> [Aim of the exercise] With pictures left out, retype the lines from the start of the records through the one that contains "FRAME Le Brentwood".

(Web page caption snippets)
------------------------------
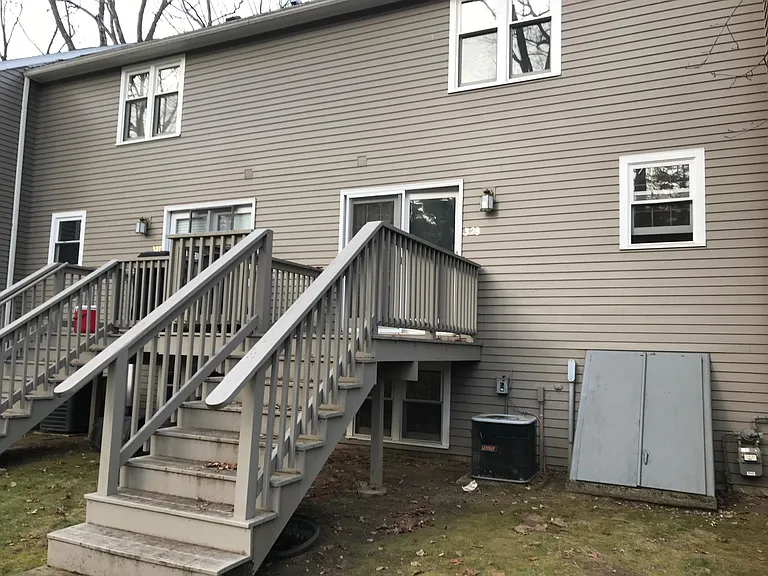 328 Wellman Ave — Photo 15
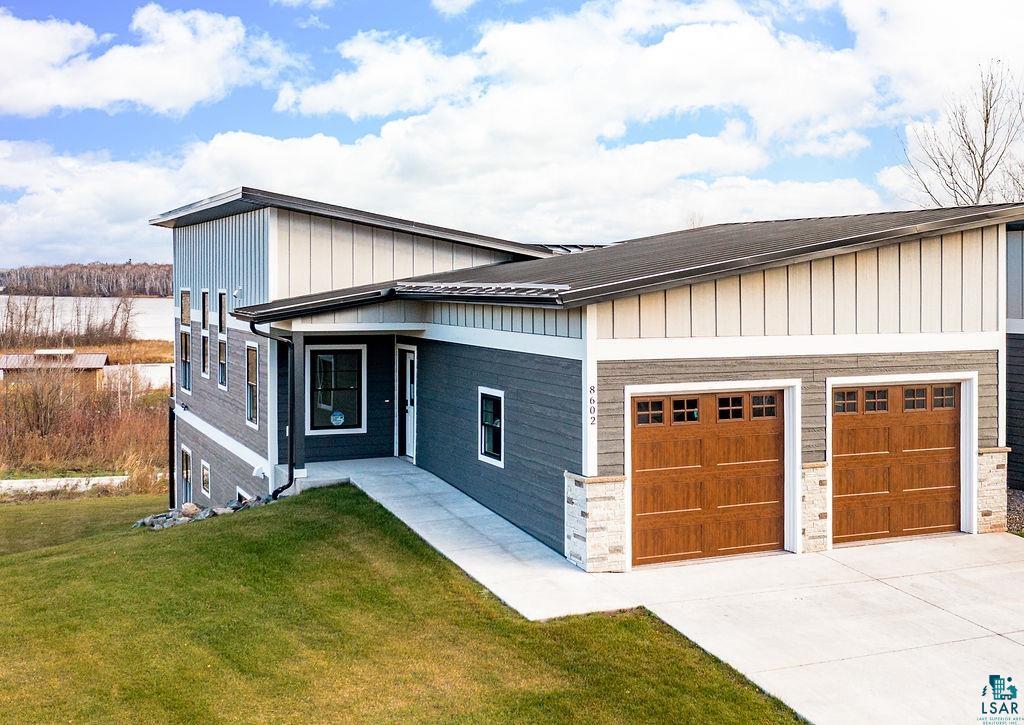 8602 Maynard Pl, Duluth, MN 55807 Listing Photo  1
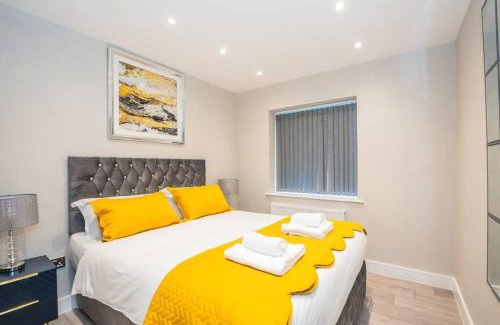 Farnham Common Apartment | Langston House: 2 Bed, 2 Bath Luxury Apartment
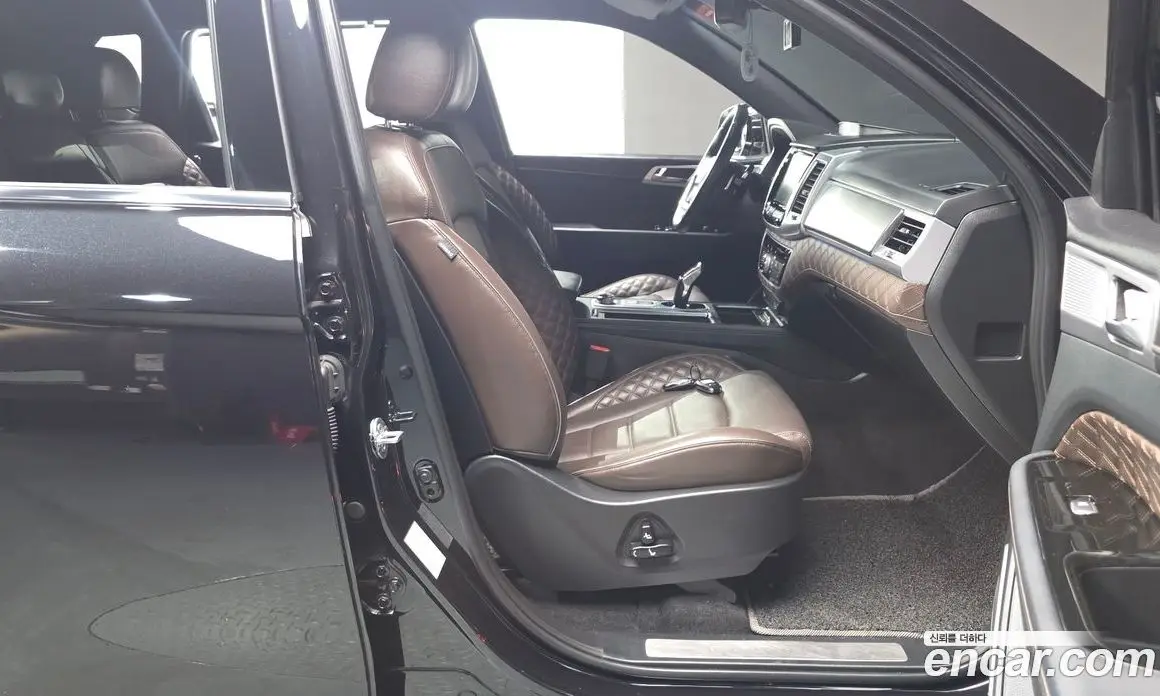 SsangYong Rexton 2021 2.2 автомат (гидро), фото 16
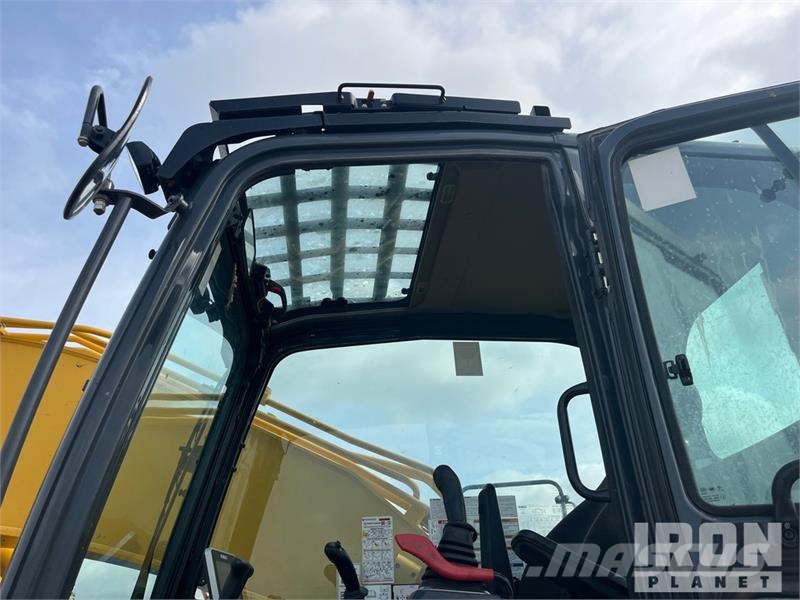 Kobelco SK210LC-11 Tracked Excavator Kāpurķēžu ekskavatori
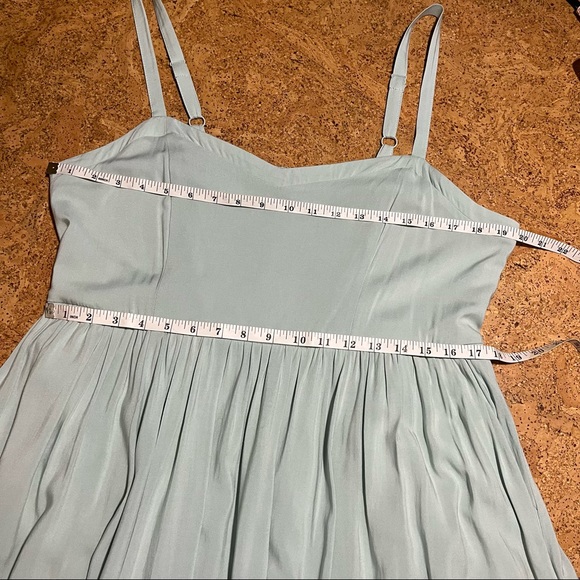 Torrid Mint Blue Challis Sharkbite Skater Smocked Dress Sz 1X - Picture 10 of 16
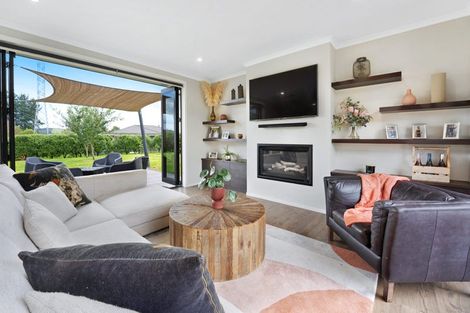 Photo of property in 18 Mcintosh Drive, Pokeno, 2471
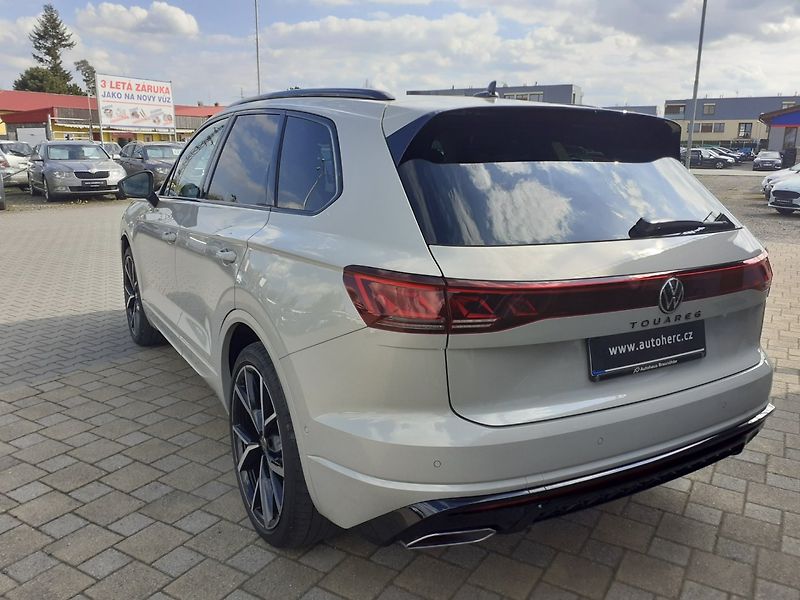 Volkswagen Touareg (2023) 3.0 V 6 TDi R-Line - fotka 6 z 50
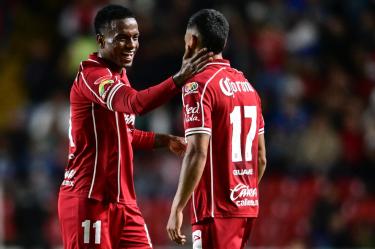Toluca derrota a Querétaro en la Jornada 5 del Apertura 2026; Helinho anotó golazo de tiro libre.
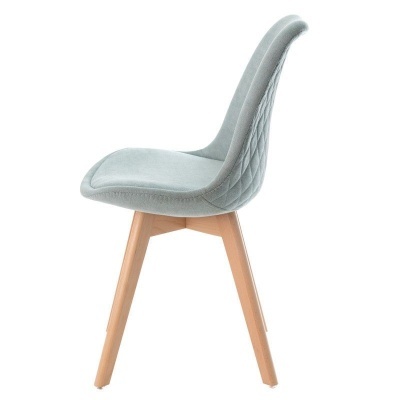 Cadeira cinzenta estofada com pernas de madeira clara em fundo branco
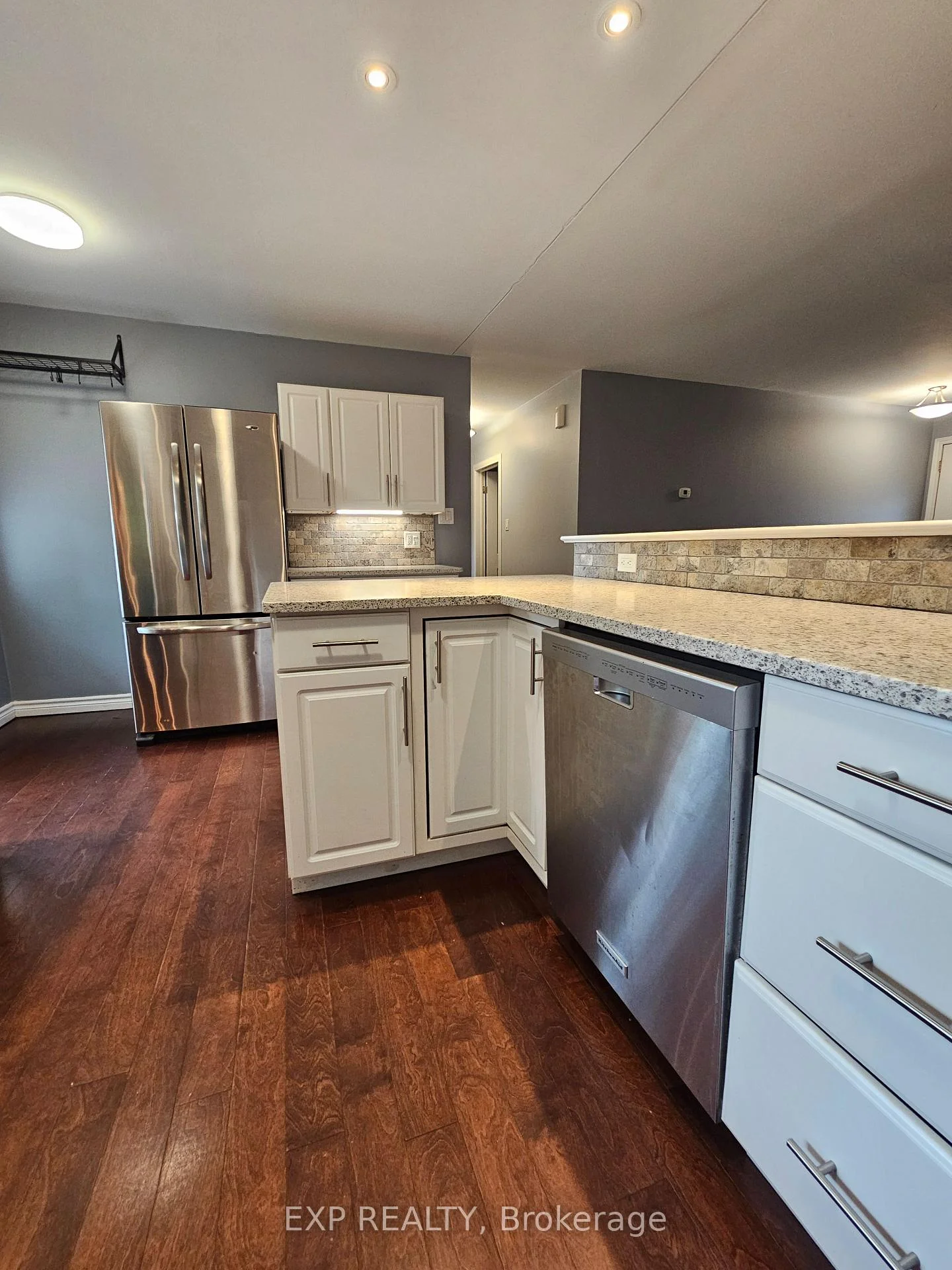 Photo 8 of 90 Morenz Crescent, Kingston, Rideau — HOMEH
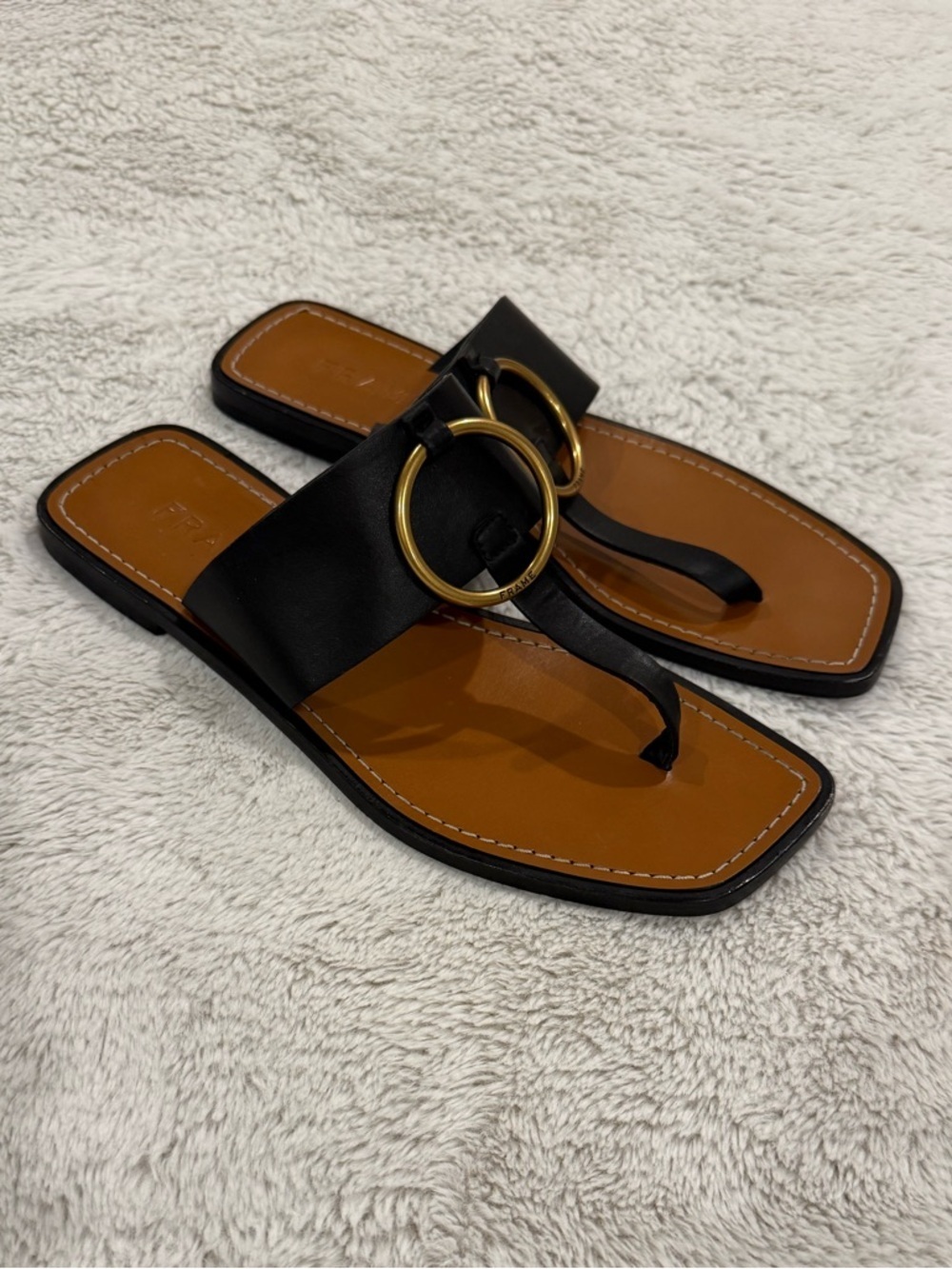 FRAME Le Brentwood Noir Black Leather Flip Flop Sandals - Size 38 / 7.5 - Picture 2 of 5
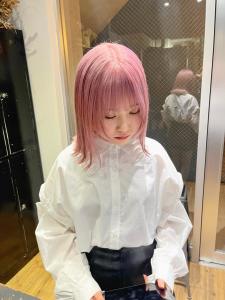 前髪　マルチボブ　ピンクベージュ　インナーグレージュ　ウルフ - ARCANA 明治神宮前 表参道 原宿掲載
------------------------------
> [Reply to the task]
 328 Wellman Ave — Photo 15
 8602 Maynard Pl, Duluth, MN 55807 Listing Photo  1
 Farnham Common Apartment | Langston House: 2 Bed, 2 Bath Luxury Apartment
 SsangYong Rexton 2021 2.2 автомат (гидро), фото 16
 Kobelco SK210LC-11 Tracked Excavator Kāpurķēžu ekskavatori
 Torrid Mint Blue Challis Sharkbite Skater Smocked Dress Sz 1X - Picture 10 of 16
 Photo of property in 18 Mcintosh Drive, Pokeno, 2471
 Volkswagen Touareg (2023) 3.0 V 6 TDi R-Line - fotka 6 z 50
Toluca derrota a Querétaro en la Jornada 5 del Apertura 2026; Helinho anotó golazo de tiro libre.
 Cadeira cinzenta estofada com pernas de madeira clara em fundo branco
 Photo 8 of 90 Morenz Crescent, Kingston, Rideau — HOMEH
 FRAME Le Brentwood Noir Black Leather Flip Flop Sandals - Size 38 / 7.5 - Picture 2 of 5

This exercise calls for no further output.